1 lb (3 medium) yellow-flesh potatoes, cut into 3/4 inch chunks
1 sm. butternut squash (about 1 lb) peeled, seeded & cut into 1-inch chunks
Salt
3 T butter, divided
8-10 fresh (2-3") sage leaves, stacked & cut across into 1/4th inch strips
1/2 cup 1 % milk (approx.)
Freshly ground black pepper, to taste
Directions
Prep time: 25 minutes
Cook time: 15 minutes
Ready to serve: 40 minutes
Serves: 4
In 3-qt saucepan, cover potatoes and squash with water; add 1 t salt. Bring to boil over high heat; reduce heat, cover and cook until tender, 12-15 minutes.
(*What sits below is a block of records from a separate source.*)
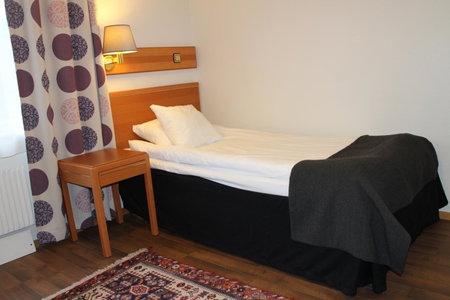 Arena Hotell, Vänersborg, Sweden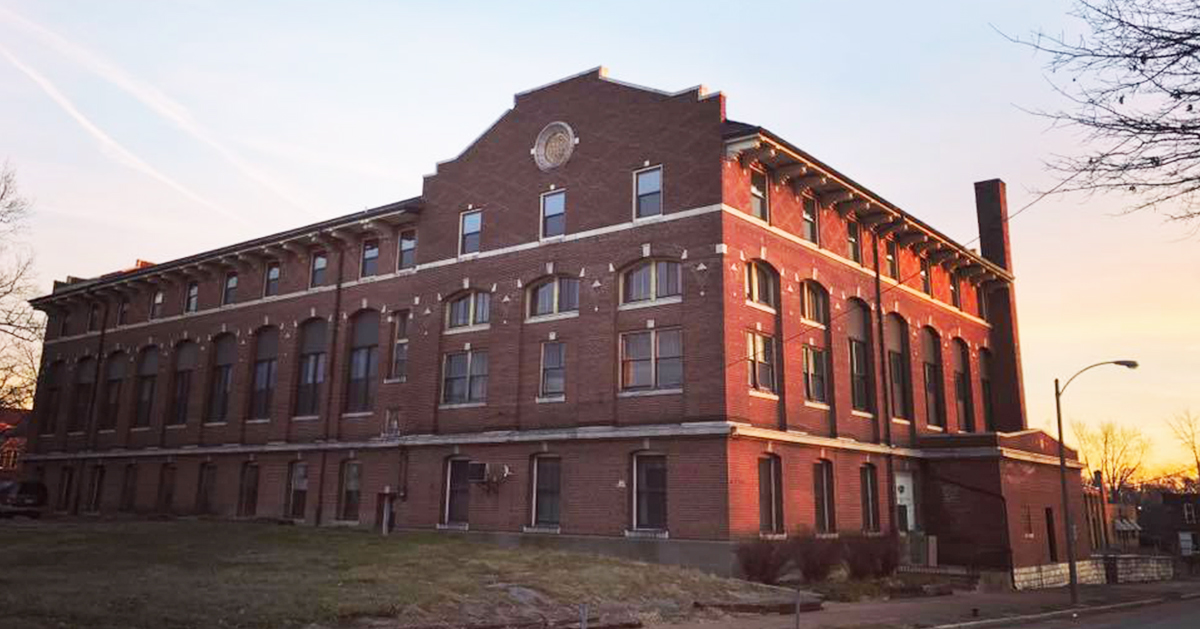 Intersect Art Center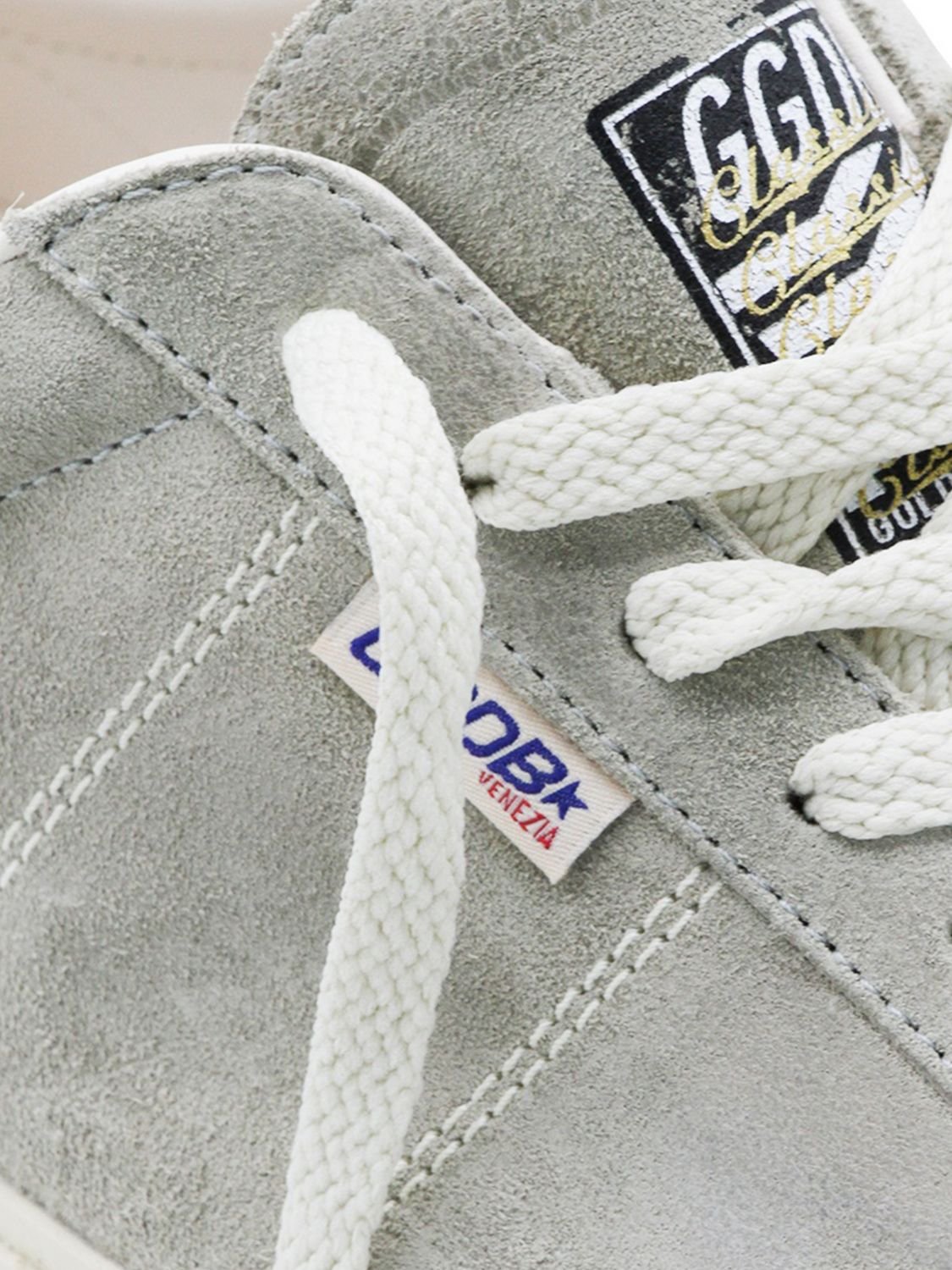 Sneakers Taupe/Milk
Meanwhile, add 2 T of the butter and the sage to small skillet or saucepan over medium heat. Tilting pan and watching closely, cook about 3 minutes, until butter foams and begins to brown; keep warm.
Thoroughly drain potatoes and squash, return to pan and shake 1-2 minutes over low heat. Roughly mash with hand masher leaving mixture chunky.
Over low heat, gently mix in remaining T butter and enough milk for consistency desired.
Season w/ salt & pepper. Spoon into serving bowl & drizzle with brown butter and sage.